*** Opening DATASET RECORDS ***

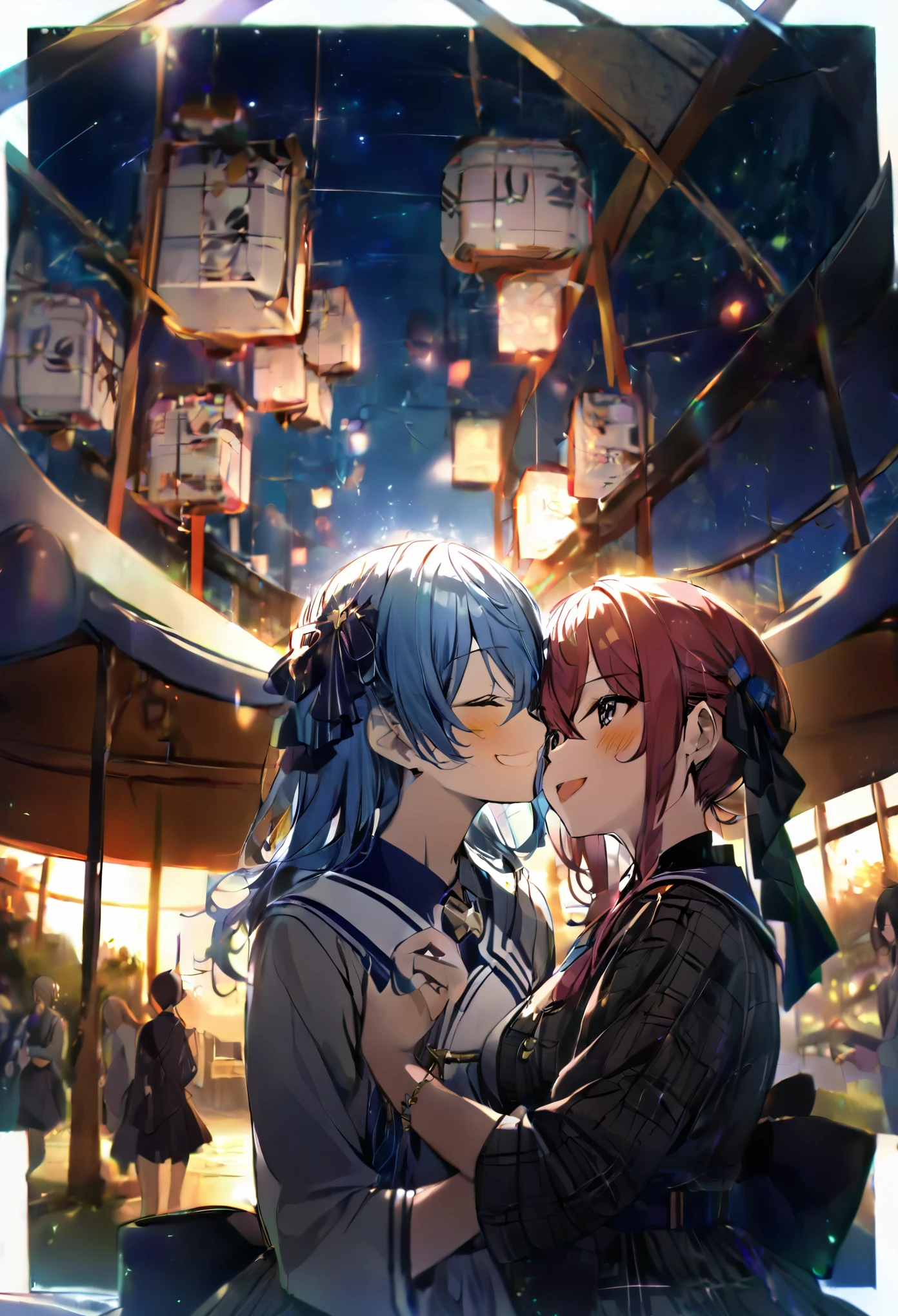 (((2girls))), together, two people, masterpiece, best quality, integrated scenery, integrated background, extremely delicate and beautiful, meticulous details, good composition, closed_eyes, cute face, perfect face, perfect hands, fingernails, sakura miko, SakuraMiko, HoshimachiSuisei, hoshimachi suisei, blurry background, sunlight, light blush, ((school)), upper body, looking each other, smile, , (hugging each other),in_school,sunlight,kissing,happiness,light up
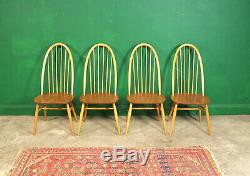 4 Blonde Ercol Quaker Dining Chairs, Retro, Kitchen, Vintage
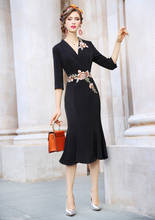 Zuoman-vestido bordado feminino elegante, alta qualidade, longo, vintage, festa, robe, femme, floral, designer, preto, trompete 2024 - compre barato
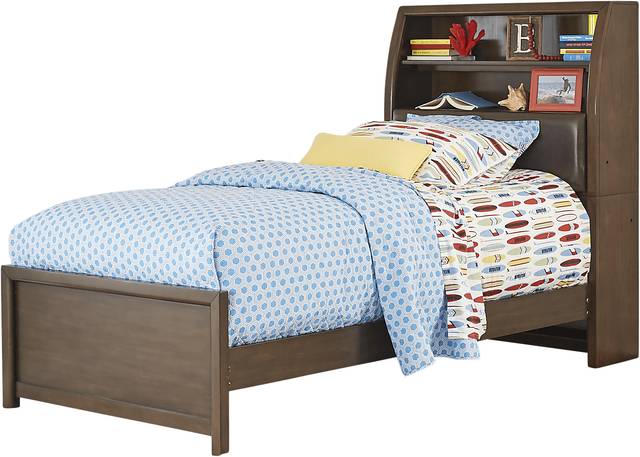 Kids Santa Cruz Brown Cherry 3 Pc Twin Bookcase Bed - Thumbnail - Image 1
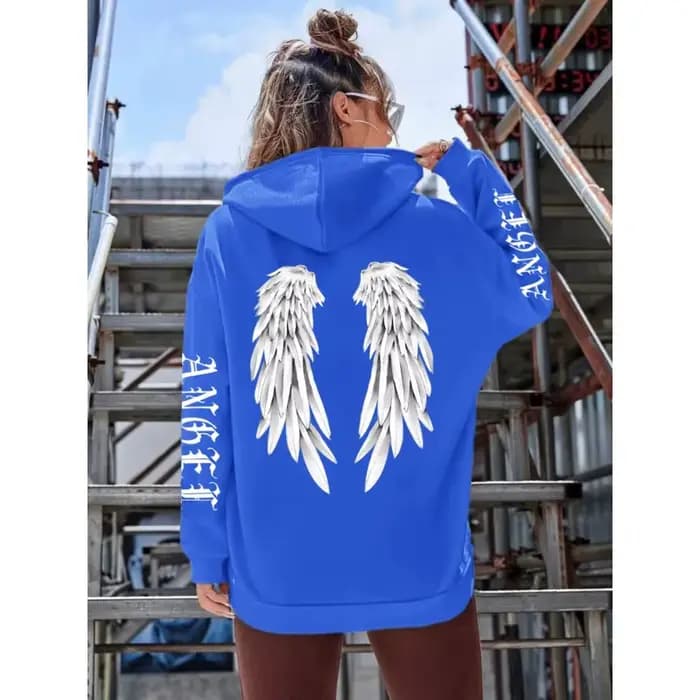 Magnifique sweat à capuche pour femmes avec ailes d'ange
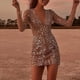 thumbnail image 2 of Vestido de noche sexy con escote profundo en V y efecto transparente en color dorado para mujer - Vestido largo con mangas y purpurina - Perfecto para fiestas, bodas y ocasiones formales, 2 of 8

*** Closing DATASET RECORDS ***

EXERCISE DIRECTIONS: Reproduce, word for word, the lines from the one containing "Kids Santa Cruz" to the end of the material, both ends included. No picture is copied.

OUTPUT OF THE TASK:
 Kids Santa Cruz Brown Cherry 3 Pc Twin Bookcase Bed - Thumbnail - Image 1
 Magnifique sweat à capuche pour femmes avec ailes d'ange
 thumbnail image 2 of Vestido de noche sexy con escote profundo en V y efecto transparente en color dorado para mujer - Vestido largo con mangas y purpurina - Perfecto para fiestas, bodas y ocasiones formales, 2 of 8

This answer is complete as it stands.